Records provided =>
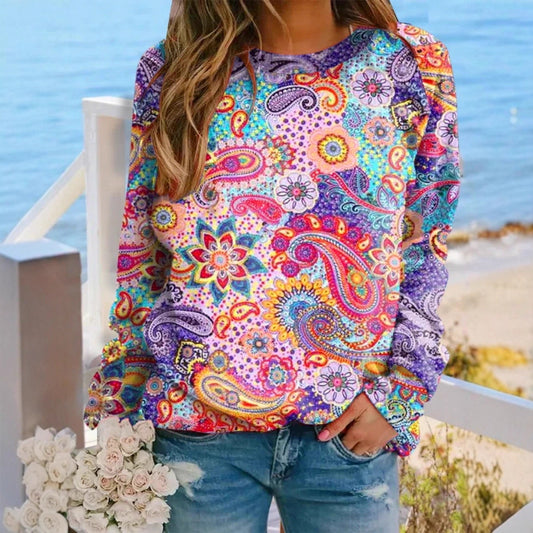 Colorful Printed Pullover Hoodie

==

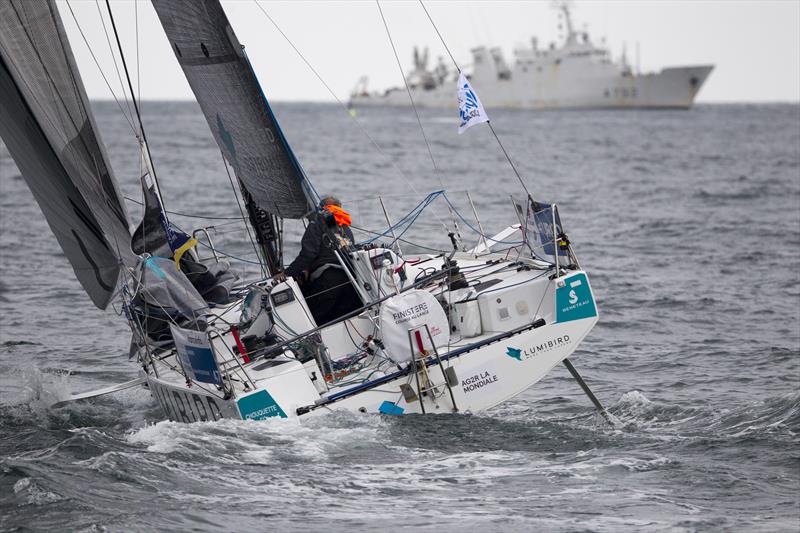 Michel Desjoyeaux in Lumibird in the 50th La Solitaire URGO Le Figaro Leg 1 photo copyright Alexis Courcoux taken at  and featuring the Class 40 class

---

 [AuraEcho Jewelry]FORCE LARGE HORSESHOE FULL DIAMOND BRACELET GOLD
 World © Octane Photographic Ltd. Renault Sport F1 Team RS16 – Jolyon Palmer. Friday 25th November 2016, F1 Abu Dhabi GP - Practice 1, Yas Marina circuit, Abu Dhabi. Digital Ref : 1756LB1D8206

Task item => Write out exactly the lines above between the line with "[AuraEcho Jewelry]FORCE LARGE" and the line with "World © Octane", inclusive, and nothing beyond them.

Answer area =>
 [AuraEcho Jewelry]FORCE LARGE HORSESHOE FULL DIAMOND BRACELET GOLD
 World © Octane Photographic Ltd. Renault Sport F1 Team RS16 – Jolyon Palmer. Friday 25th November 2016, F1 Abu Dhabi GP - Practice 1, Yas Marina circuit, Abu Dhabi. Digital Ref : 1756LB1D8206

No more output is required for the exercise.